The report, “Muscle weakness as a presenting symptom in ANCA-associated vasculitis,” appeared in the European Journal of Rheumatology.
ANCA-associated vasculitis (AAV) usually involves the kidneys, lungs, skin, or nervous system, but in this rare case, researchers in Japan describe a patient ultimately diagnosed with AAV who was referred to a department of rheumatology due to muscle weakness in her lower extremities, which she had been experiencing for the past three months.
One and a half months before the referral, the patient, a 76-year-old woman, could no longer squat or stand by herself and began complaining of dry cough.
She had been diagnosed with interstitial lung disease based on chest radiography results conducted at a neighborhood clinic, but was referred to the rheumatology department for evaluation of her muscle weakness.
Researchers there examined her medical history. They found that she had had Raynaud’s phenomenon — a condition where not enough blood reaches the fingers and toes — for the past 26 years, a history of diabetes and chronic inflammation of the thyroid gland, and otitis, or infection, in both ears four months before referral.
A physical examination showed tenderness in all extremities, and weakness affecting mainly the muscles in the hip region and upper legs.
While a urine analysis didn’t show any problems, blood exams were suggestive of increased inflammation and muscle impairment. Additional testing showed that the patient had several autoantibodies, including anti-ANA, anti-SSA/Ro, and anti-MPO antibodies, and rheumatoid factors, all suggestive of an autoimmune disorder.
Sjögren’s syndrome was ruled out through an eye examination and salivary gland biopsy.
Given her history of dry cough, the patient underwent a computed tomography (CT) scan of her chest, which showed alterations consistent with a diagnosis of nonspecific interstitial pneumonia.
But her muscle manifestations remained unexplained, leading the team to perform a magnetic resonance imaging (MRI) scan of her thighs — which revealed swollen muscles.
A muscle biopsy then revealed small-vessel vasculitis with invasion of white blood cells and atrophy of muscle fibers.
The patient received a final diagnosis of AAV in the muscle with secondary unclassified connective tissue disease, but they say the condition “could be categorized as granulomatosis with polyangiitis, according to the classification for epidemiologic studies.”

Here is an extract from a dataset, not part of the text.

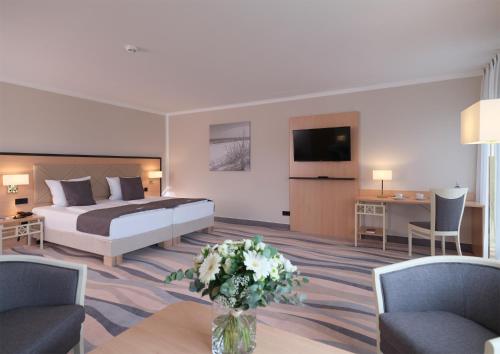 um quarto de hotel com uma cama e uma sala de estar em Seehotel Grossherzog von Mecklenburg em Boltenhagen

The woman started treatment with high-dose prednisolone (1 mg/kg) while she could not walk without an aid, and her muscle weakness improved within a few months.
Half a year later, however, the patient experienced symptomatic relapse with discomfort of her lower extremities. At this point, autoantibodies and inflammatory markers were high but were resolved with a moderate dose of prednisolone plus azathioprine.

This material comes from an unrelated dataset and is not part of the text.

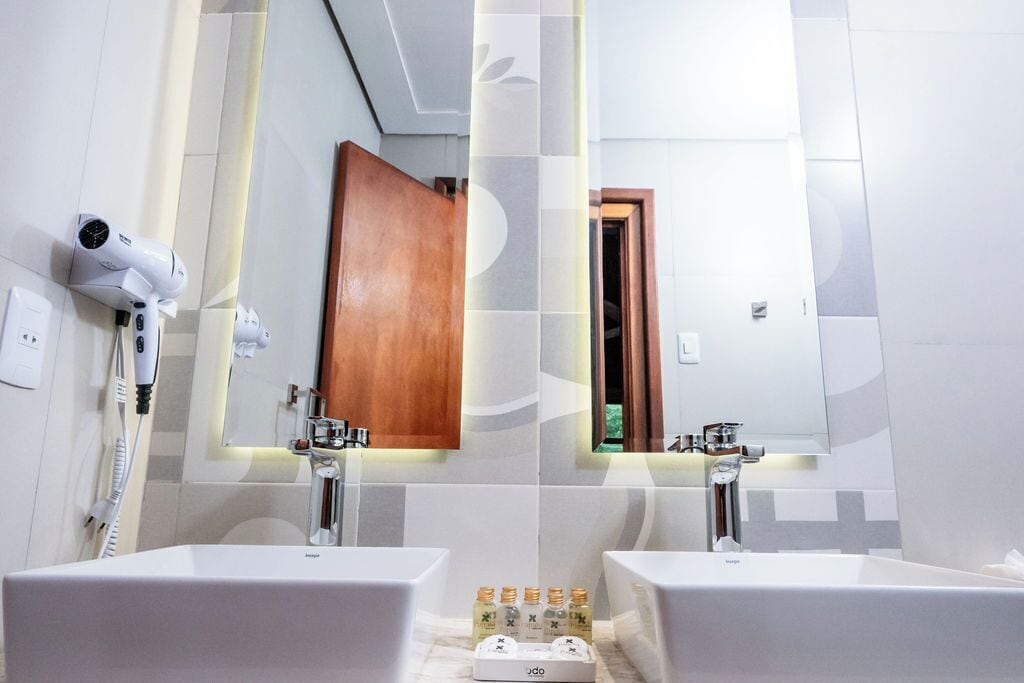 Un baño moderno con dos lavamanos, un secador de pelo y un espejo.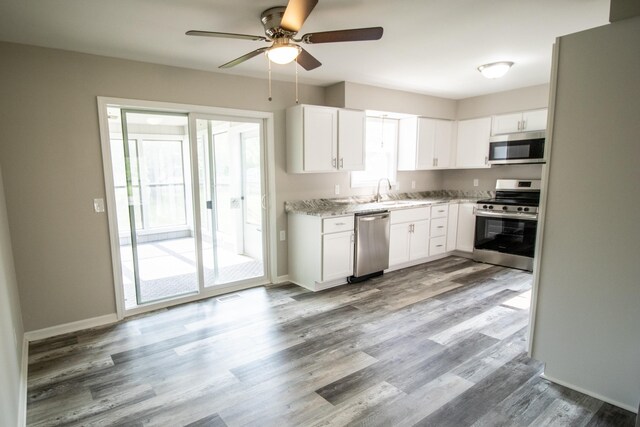 9461 Morrish Rd, Montrose, MI 48457 - kitchen featuring appliances with stainless steel finishes, a ceiling fan, wood finished floors, and white cabinets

She remained in remission for at least one and a half years after the relapse, during which she kept taking 5 mg of prednisolone and 75 mg of azathioprine daily.
“To our knowledge, only three cases of muscle vasculitis due to AAV that presented mainly with muscle symptoms have been reported,” the researchers wrote.
“Interestingly, all the three cases had preceding pulmonary fibrosis, rheumatoid factor, and MPO-ANCA,” and magnetic resonance imaging of the muscles always showed findings consistent with idiopathic inflammatory myopathies, they said.
The team suggests that ab muscle biopsy should be considered in these cases to confirm an AVV diagnosis.